Kerk met een ster
Wie in de weken voor kerst over de Azaleastraat richting Laan van Meerdervoort ging kon daar hoog boven de straat – als het tenminste al donker was – een verlichte ster zien schijnen. Nee, niet de Ster van Bethlehem, maar de ster van de Bethlehemkerk op de hoek van de Laan van Meerdervoort.

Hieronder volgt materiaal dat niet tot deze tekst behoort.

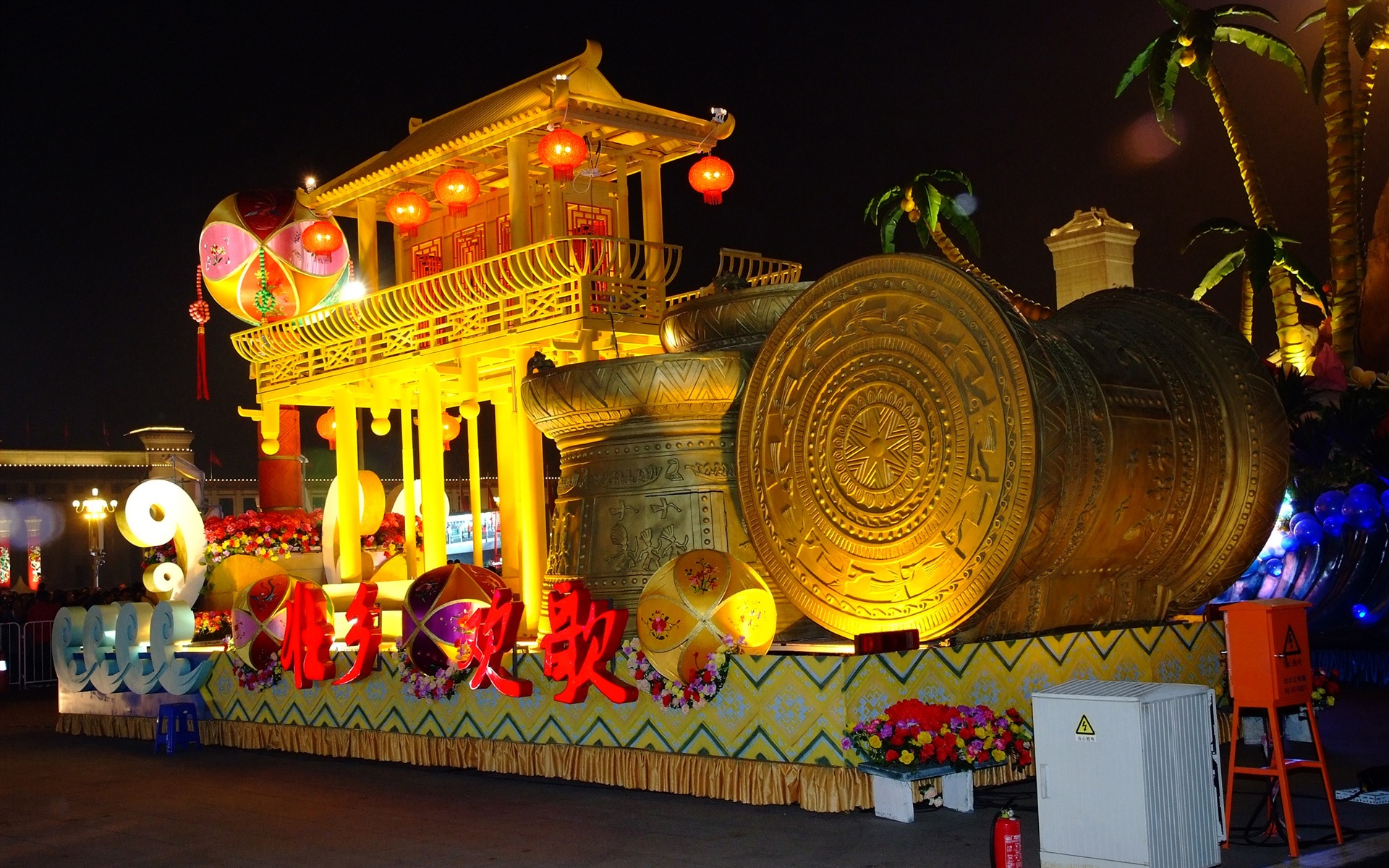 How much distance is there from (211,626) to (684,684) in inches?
356

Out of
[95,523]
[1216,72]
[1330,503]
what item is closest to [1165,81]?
[1216,72]

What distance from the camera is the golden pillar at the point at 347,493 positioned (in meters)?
17.3

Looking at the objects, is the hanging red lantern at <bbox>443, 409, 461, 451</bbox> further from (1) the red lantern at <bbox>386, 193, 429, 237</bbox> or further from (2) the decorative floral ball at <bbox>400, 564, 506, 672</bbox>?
(2) the decorative floral ball at <bbox>400, 564, 506, 672</bbox>

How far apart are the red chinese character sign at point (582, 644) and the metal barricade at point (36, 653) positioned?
45.7 feet

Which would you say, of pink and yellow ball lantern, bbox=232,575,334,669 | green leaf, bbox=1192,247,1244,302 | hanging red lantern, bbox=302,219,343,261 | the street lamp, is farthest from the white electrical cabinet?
the street lamp

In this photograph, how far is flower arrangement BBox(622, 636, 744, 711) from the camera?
334 inches

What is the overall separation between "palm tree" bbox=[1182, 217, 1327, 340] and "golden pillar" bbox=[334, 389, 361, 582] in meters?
13.2

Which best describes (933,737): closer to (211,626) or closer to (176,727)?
(176,727)

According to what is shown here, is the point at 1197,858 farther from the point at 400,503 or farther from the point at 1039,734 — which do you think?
the point at 400,503

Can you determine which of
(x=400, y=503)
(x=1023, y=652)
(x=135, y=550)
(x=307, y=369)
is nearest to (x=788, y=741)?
(x=1023, y=652)

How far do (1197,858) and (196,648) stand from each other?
9977mm

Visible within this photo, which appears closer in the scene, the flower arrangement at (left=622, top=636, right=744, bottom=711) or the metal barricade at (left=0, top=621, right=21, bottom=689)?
the flower arrangement at (left=622, top=636, right=744, bottom=711)

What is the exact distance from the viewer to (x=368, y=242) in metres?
17.4

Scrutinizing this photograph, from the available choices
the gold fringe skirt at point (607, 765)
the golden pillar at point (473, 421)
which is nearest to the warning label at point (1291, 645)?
the gold fringe skirt at point (607, 765) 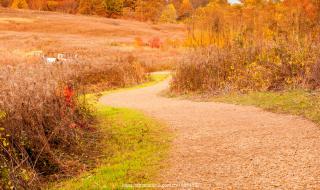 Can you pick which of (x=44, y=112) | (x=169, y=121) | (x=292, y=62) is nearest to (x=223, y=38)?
(x=292, y=62)

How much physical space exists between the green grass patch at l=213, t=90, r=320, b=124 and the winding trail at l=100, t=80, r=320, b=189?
325 millimetres

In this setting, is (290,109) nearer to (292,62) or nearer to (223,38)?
(292,62)

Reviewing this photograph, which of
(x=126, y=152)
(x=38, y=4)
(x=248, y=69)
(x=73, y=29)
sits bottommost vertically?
(x=73, y=29)

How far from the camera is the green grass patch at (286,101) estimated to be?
10.1 metres

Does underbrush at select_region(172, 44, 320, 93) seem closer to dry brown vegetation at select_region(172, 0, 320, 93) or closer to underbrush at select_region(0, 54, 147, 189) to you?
dry brown vegetation at select_region(172, 0, 320, 93)

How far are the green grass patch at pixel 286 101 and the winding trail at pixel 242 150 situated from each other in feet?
1.07

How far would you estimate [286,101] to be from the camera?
1148 cm

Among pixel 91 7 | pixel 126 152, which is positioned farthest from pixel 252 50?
pixel 91 7

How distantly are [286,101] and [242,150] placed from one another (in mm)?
4530

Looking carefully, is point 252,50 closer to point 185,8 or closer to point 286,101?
point 286,101

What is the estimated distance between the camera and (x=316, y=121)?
9.12 meters

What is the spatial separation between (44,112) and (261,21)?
1141 centimetres

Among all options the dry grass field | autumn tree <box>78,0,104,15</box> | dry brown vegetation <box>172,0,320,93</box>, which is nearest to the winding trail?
dry brown vegetation <box>172,0,320,93</box>

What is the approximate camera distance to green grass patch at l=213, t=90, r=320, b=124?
33.1 ft
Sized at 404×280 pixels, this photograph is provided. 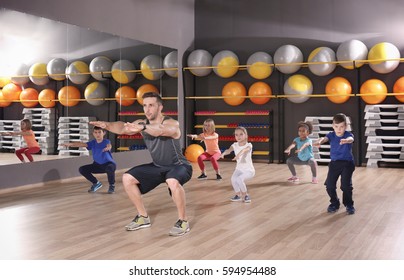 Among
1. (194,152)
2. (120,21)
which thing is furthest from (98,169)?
(194,152)

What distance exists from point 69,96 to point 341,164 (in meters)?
4.08

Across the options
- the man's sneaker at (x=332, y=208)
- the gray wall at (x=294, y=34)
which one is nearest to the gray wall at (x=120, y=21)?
the gray wall at (x=294, y=34)

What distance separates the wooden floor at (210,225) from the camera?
3.21 meters

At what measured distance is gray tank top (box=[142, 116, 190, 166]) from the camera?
3721 mm

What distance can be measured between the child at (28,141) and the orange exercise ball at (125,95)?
6.25 feet

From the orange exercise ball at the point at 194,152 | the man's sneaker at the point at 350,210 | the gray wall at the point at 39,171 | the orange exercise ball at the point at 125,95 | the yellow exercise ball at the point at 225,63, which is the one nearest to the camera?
the man's sneaker at the point at 350,210

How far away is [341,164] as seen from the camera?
450 cm

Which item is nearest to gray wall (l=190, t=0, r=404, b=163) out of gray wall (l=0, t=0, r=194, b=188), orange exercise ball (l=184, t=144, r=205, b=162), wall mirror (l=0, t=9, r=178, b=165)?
gray wall (l=0, t=0, r=194, b=188)

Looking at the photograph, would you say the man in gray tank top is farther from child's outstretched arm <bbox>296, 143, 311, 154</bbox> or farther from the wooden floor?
child's outstretched arm <bbox>296, 143, 311, 154</bbox>

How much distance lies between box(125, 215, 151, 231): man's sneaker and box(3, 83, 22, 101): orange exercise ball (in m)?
3.05

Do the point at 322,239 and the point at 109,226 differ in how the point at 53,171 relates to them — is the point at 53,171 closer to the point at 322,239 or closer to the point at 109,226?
the point at 109,226

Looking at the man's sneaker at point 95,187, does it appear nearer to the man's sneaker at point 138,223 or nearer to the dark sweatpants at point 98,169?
the dark sweatpants at point 98,169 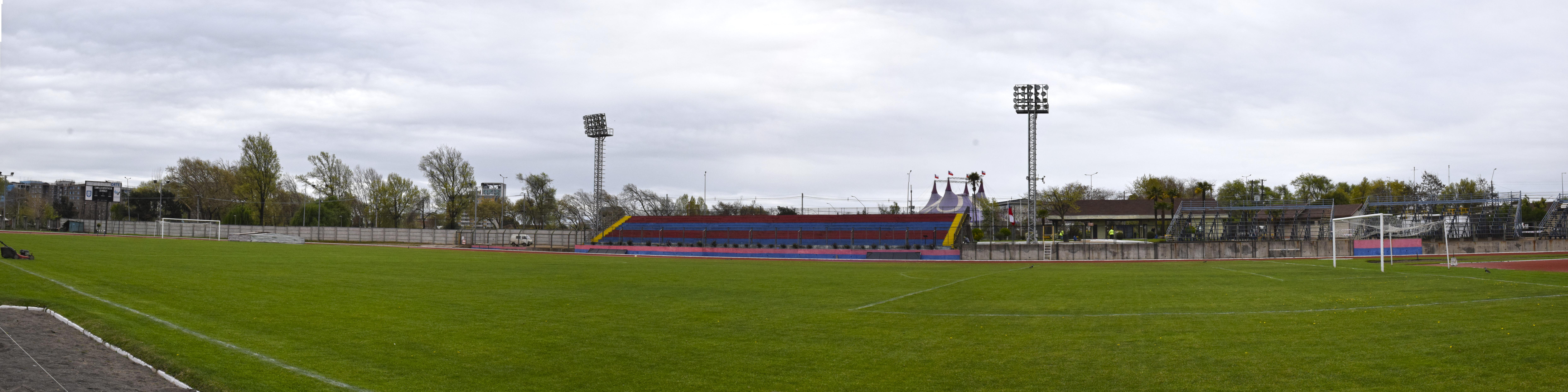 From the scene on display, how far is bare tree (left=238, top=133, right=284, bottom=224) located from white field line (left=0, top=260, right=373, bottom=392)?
288 ft

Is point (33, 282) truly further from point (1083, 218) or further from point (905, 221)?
point (1083, 218)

Laan van Meerdervoort 627, Bethlehemkerk in aanbouw. 1931, maker onbekend
Ster sinds 1931
Deze ster – bedacht door de architect en uitgespaard in het metselwerk – wordt al sinds 1931 door de kosters van deze kerk tot schijnen gebracht met lampen in de ruimte erachter: ‘een baken in de donkere stad’. Eigenlijk net als de kerk zelf, want die heeft, zoals andere (voorheen) Hervormde kerken in Den Haag, een zeer markante plaats in het Haagse straatbeeld gekregen.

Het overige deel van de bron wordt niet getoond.